OCEAN CITY — It was no secret that Jeff Thaler would be stepping down from the Board of Zoning Appeals (BZA) last Thursday, but seemingly no one expected the board’s chairperson to follow suit.
After Thursday’s BZA meeting, Thaler read a short statement thanking his fellow board members and a who’s who list of city servants, politicians and family members. His resignation after 19 years of service to the town was no surprise as a city council member had allegedly leaked news of his looming announcement several weeks ago.
The real surprise came later as chairperson Susan Davis announced that she too, would be resigning.
“I don’t mean to steal your thunder Jeff, but I too will be stepping down from the Board of Zoning Appeals,” she said, fighting back a few tears.
In an email this week, Davis explained the reasoning behind her resignation after 12 years.
“With honor, I represented my town of Ocean City, but the dynamics of the city have changed, and it was the right time for me to step down,” she said. “I leave with tremendous respect and gratitude to Mayor Mathias, Mayor Meehan, Jeff Thaler, Jack Eschenburg, Blaine Smith, Maggie Fussel and Kay Stroud and Hank Westfall.”
Davis was appointed by Mathias and was named to the board after the passing of former BZA member, Kate Bunting, Davis’ mother.
The BZA is made up of five members and two alternates, but the resignation of both Davis and Thaler leaves two vacant seats in the alternate positions, as alternates Dean Langrall, and Lanny Hickman will be moved up and assume the duties of the departing members, according to Mayor Rick Meehan.
“I have a few names that I’m going to bring to the City Council in the next few weeks to start with the interview process for the open alternate positions on the BZA,” said Meehan, “Susan [Davis] and Jeff [Thaler] served their community well, and we are thankful for their service.”

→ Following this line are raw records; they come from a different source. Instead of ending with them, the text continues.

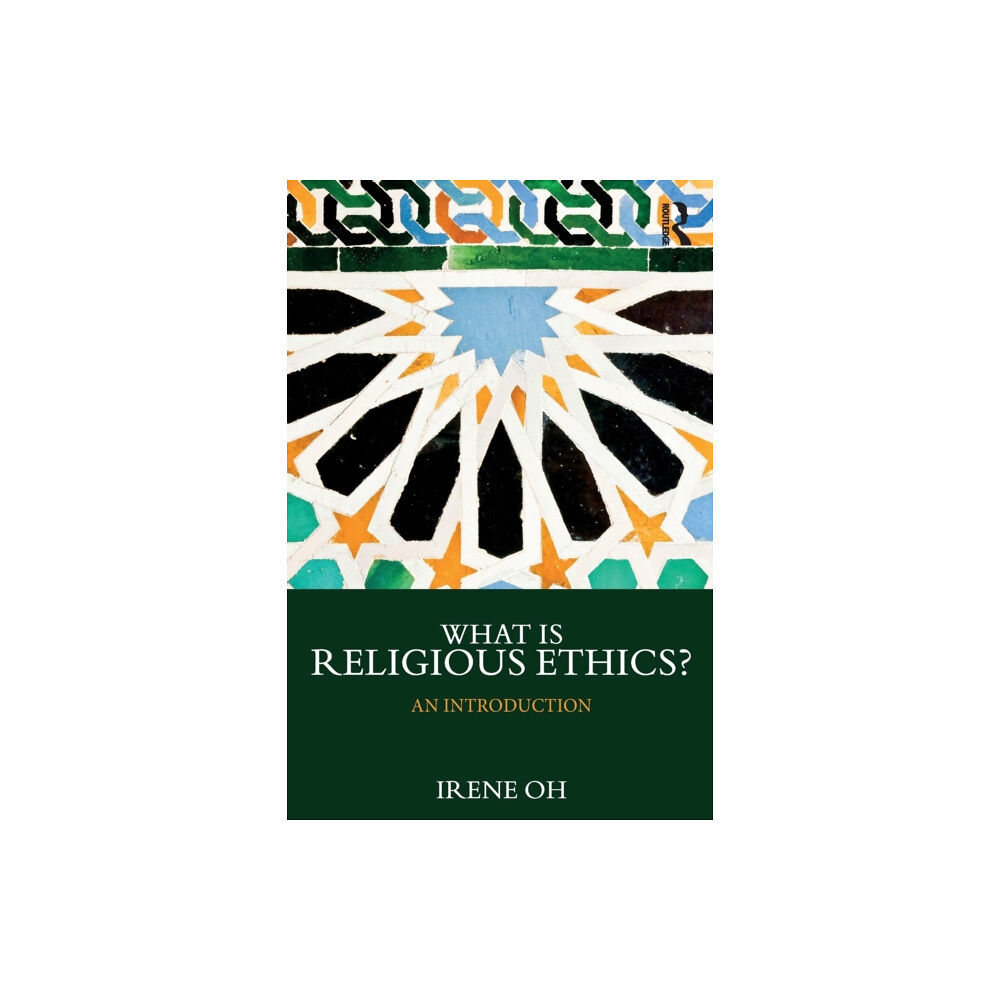 Taylor & francis ltd What is Religious Ethics? (häftad, eng)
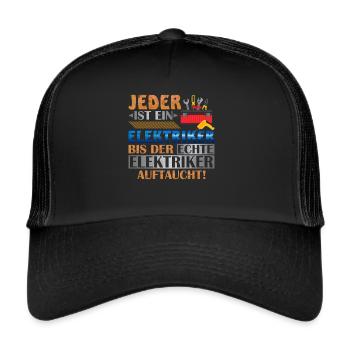 Jeder Ist Ein Elektriker Bis Der Echte Elektriker - Trucker Cap - Schwarz/Schwarz - Vorne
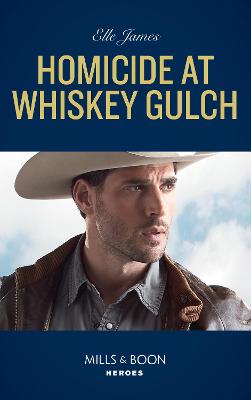 Book cover for Homicide At Whiskey Gulch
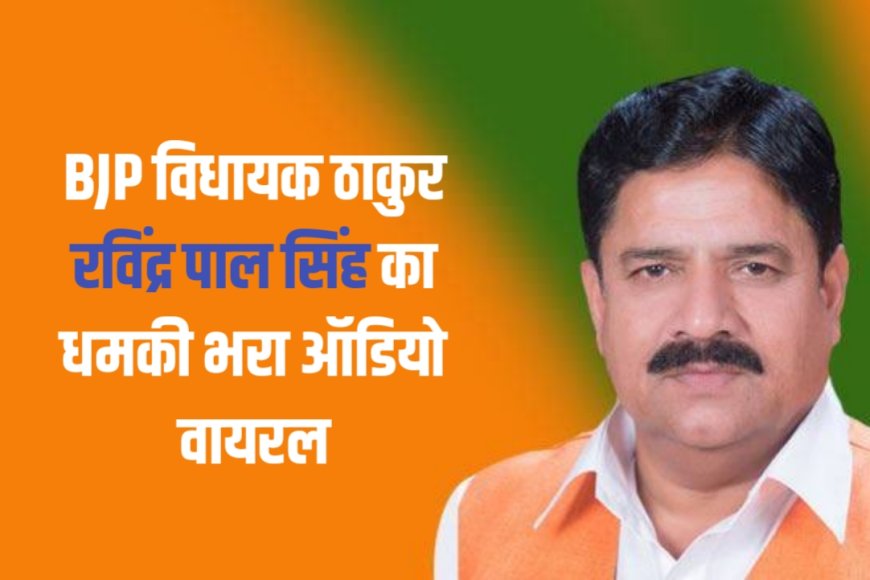 अलीगढ़: BJP विधायक ठाकुर रविंद्र पाल सिंह का धमकी भरा ऑडियो वायरल, ग्रामीणों में आक्रोश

As per the town code, BZA members are chosen by the mayor and appointed after going through an interview process with the council.
Meehan said the silver lining in all of this is that new training sessions that are on the horizon for all city board members will be beneficial to any new appointees.
“You need to have someone that is familiar with the tough subjects that the BZA deals with, like exceptions and variances,” said Meehan. “With these training sessions coming up, this may have been the right time to get the new members up to speed.”